DITADURA DE 1964/1985: SÍNTESE DO FRACASSO
E DA IGNOMÍNIA
Celso Lungaretti – Jornalista-
São Paulo/SP
Ao
completarem-se 51 anos da quebra da normalidade institucional no Brasil, mergulhando
o país nas trevas e na barbárie durante duas décadas, é oportuno evocarmos o
que realmente foi essa ditadura, defendida hoje com tamanha desfaçatez pelos
culpados inúteis e com tanta ingenuidade pelos inocentes úteis.
Como a bela
canção de Milton Nascimento e Fernando Brant frisou, cabe a nós, sobreviventes
do pesadelo, o papel de sentinelas do corpo e do sacrifício dos nossos irmãos
que já se foram, assegurando que a memória não morra – mas, pelo contrário,
sirva de vacina contra novos surtos da infestação virulenta do totalitarismo.
Nessa
efeméride negativa, o primeiro ponto a destacar é que a quartelada de 1964 foi
o coroamento de uma longa série de articulações e tentativas golpistas, nada
tendo de espontâneo nem sendo decorrente de situações conjunturais; essas foram
apenas pretextos, não causa.
Há
controvérsias sobre se a articulação da UDN com setores das Forças Armadas para
derrubar o presidente Getúlio em 1954 desembocaria numa ditadura, caso o
suicídio e a carta de Vargas não tivessem virado o jogo.
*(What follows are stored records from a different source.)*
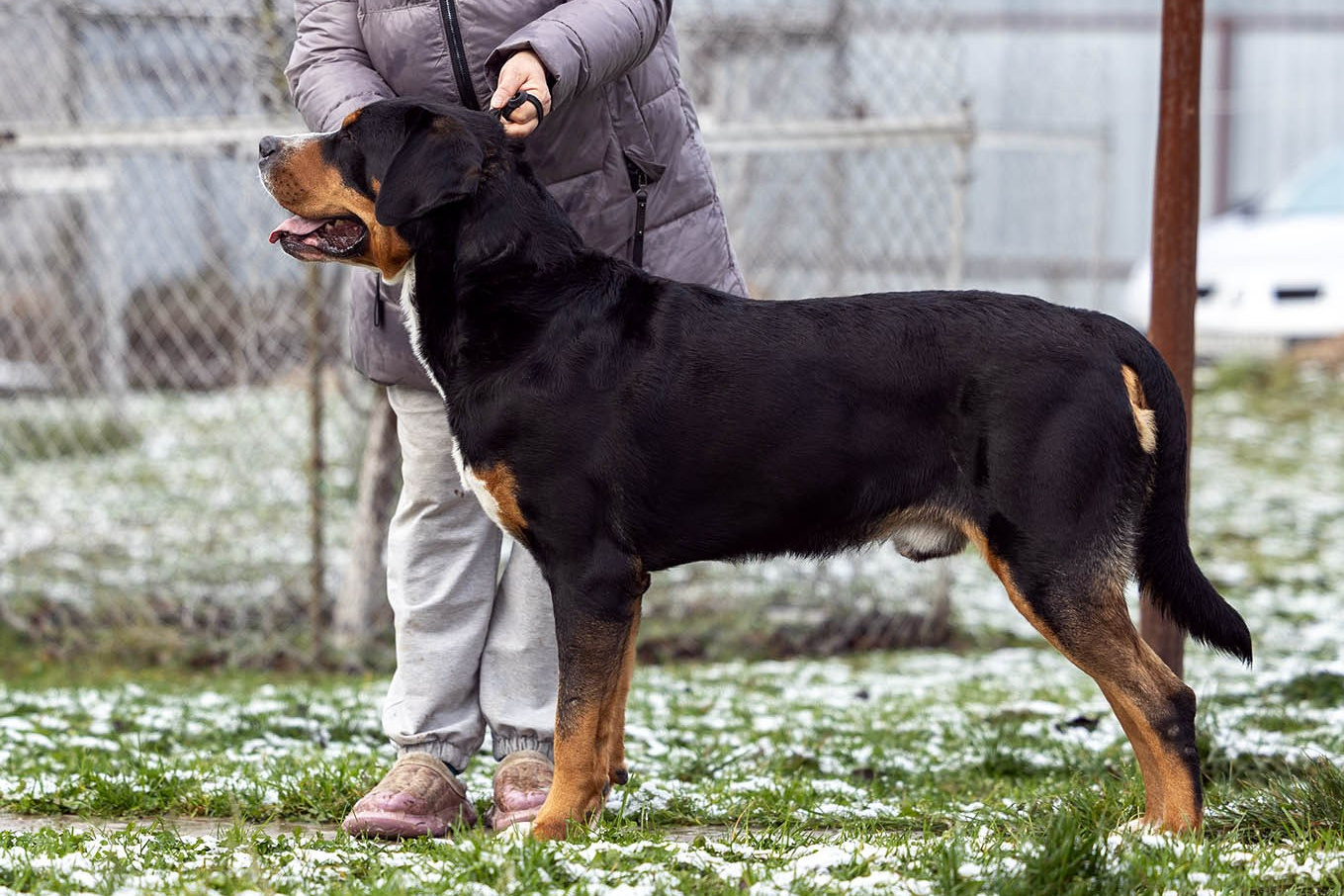 Sozvezdie Zennenhundov Markus (Маркус). Питомник Больших Швейцарских Зенненхундов в Калужской области / Москва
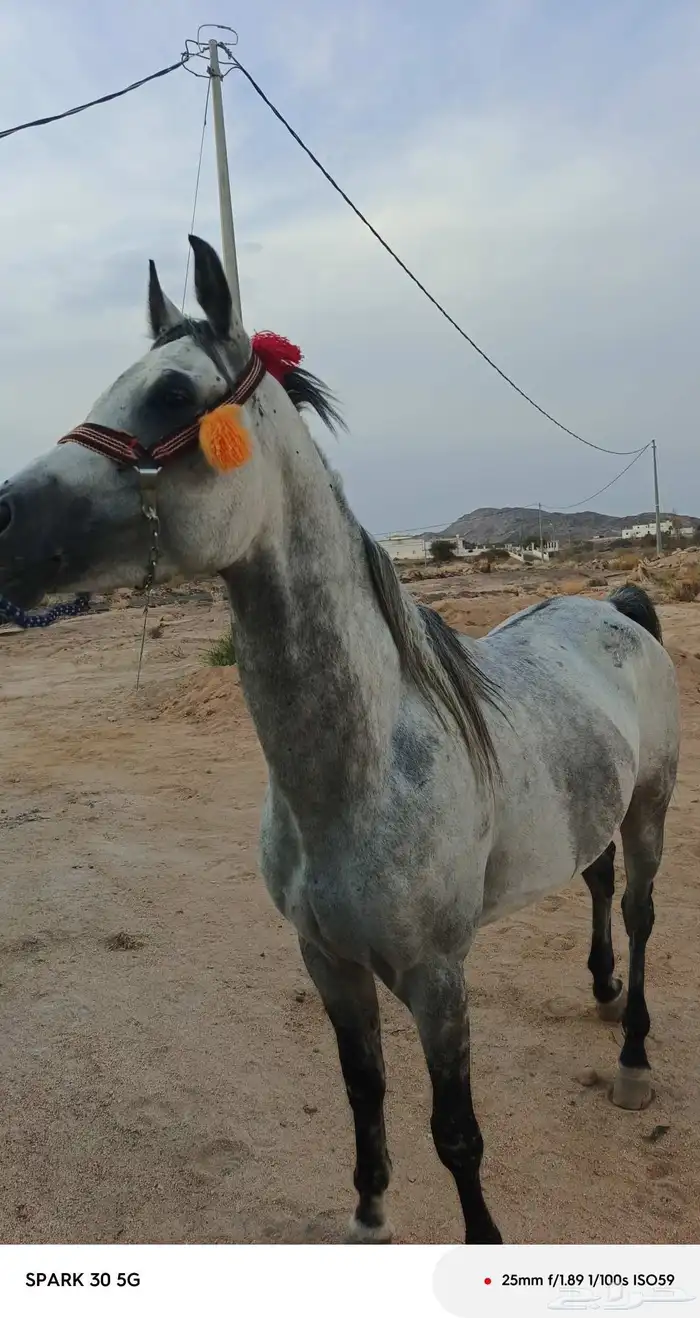 حصان واهو تشبيه لوجه الله 2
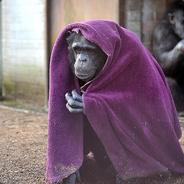 undercover ape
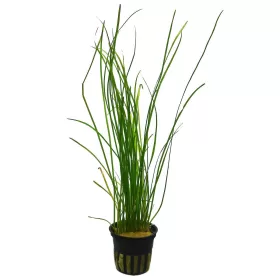 Валиснерия нана (Vallisneria nana)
Mas é incontestável
que a ultradireita vinha há tempos tentando usurpar o poder.
Em novembro
de 1955, conspiração de políticos udenistas e militares extremistas tentou
contestar o triunfo eleitoral de Juscelino Kubitscheck, mas foi derrotada
graças, principalmente, à posição legalista que Teixeira Lott, o ministro da
Guerra, assumiu.
Um dos
golpistas presos foi o então tenente-coronel Golbery do Couto e Silva, que
viria a ser o formulador da doutrina de Segurança Nacional e eminência
parda do ditador Geisel.
Em fevereiro
de 1956, duas semanas após a posse de JK, os militares já se insubordinavam
contra o governo constitucional, na revolta de Jacareacanga.
Os oficiais
da FAB repetiram a dose em outubro de 1959, com a também fracassada revolta de
Aragarças.
E, em agosto
de 1961, quando da renúncia de Jânio Quadros, as Forças Armadas vetaram a posse
do vice-presidente João Goulart, só voltando atrás diante da resistência do
governador Leonel Brizola (RS) e do apoio por ele recebido do comandante do III
Exército, gerando a ameaça de uma guerra civil.
Apesar das
bravatas de Luiz Carlos Prestes e dos chamados grupos dos Onze brizolistas,
inexistia em 1964 uma possibilidade real de revolução socialista. Não houve o
alegado "contragolpe preventivo", mas, pura e simplesmente, um
golpe para usurpação do poder, meticulosamente tramado e executado com apoio
dos EUA, dos industriais e empresários civis e pelos militares.
Derrubou-se
um governo democraticamente constituído, fechou-se o Congresso Nacional, cassaram-se
mandatos legítimos, extinguiram-se entidades da sociedade civil, prenderam-se e
barbarizaram-se cidadãos.
A esquerda
só voltou para valer às ruas em 1968, mas as manifestações de massa foram
respondidas com o uso cada vez mais brutal da força, por parte de instâncias da
ditadura e dos efetivos paramilitares que atuavam sem freios de nenhuma
espécie.
Com
a edição do dantesco AI-5 (que fez do Legislativo e do Judiciário
poderes-fantoches do Executivo, suprimindo os mais elementares direitos dos
cidadãos), em dezembro de 1968,
a resistência pacífica se tornou inviável. Foi quando a
vanguarda armada, insignificante até então, ascendeu ao primeiro plano,
acolhendo os militantes que antes se dedicavam aos movimentos de massa.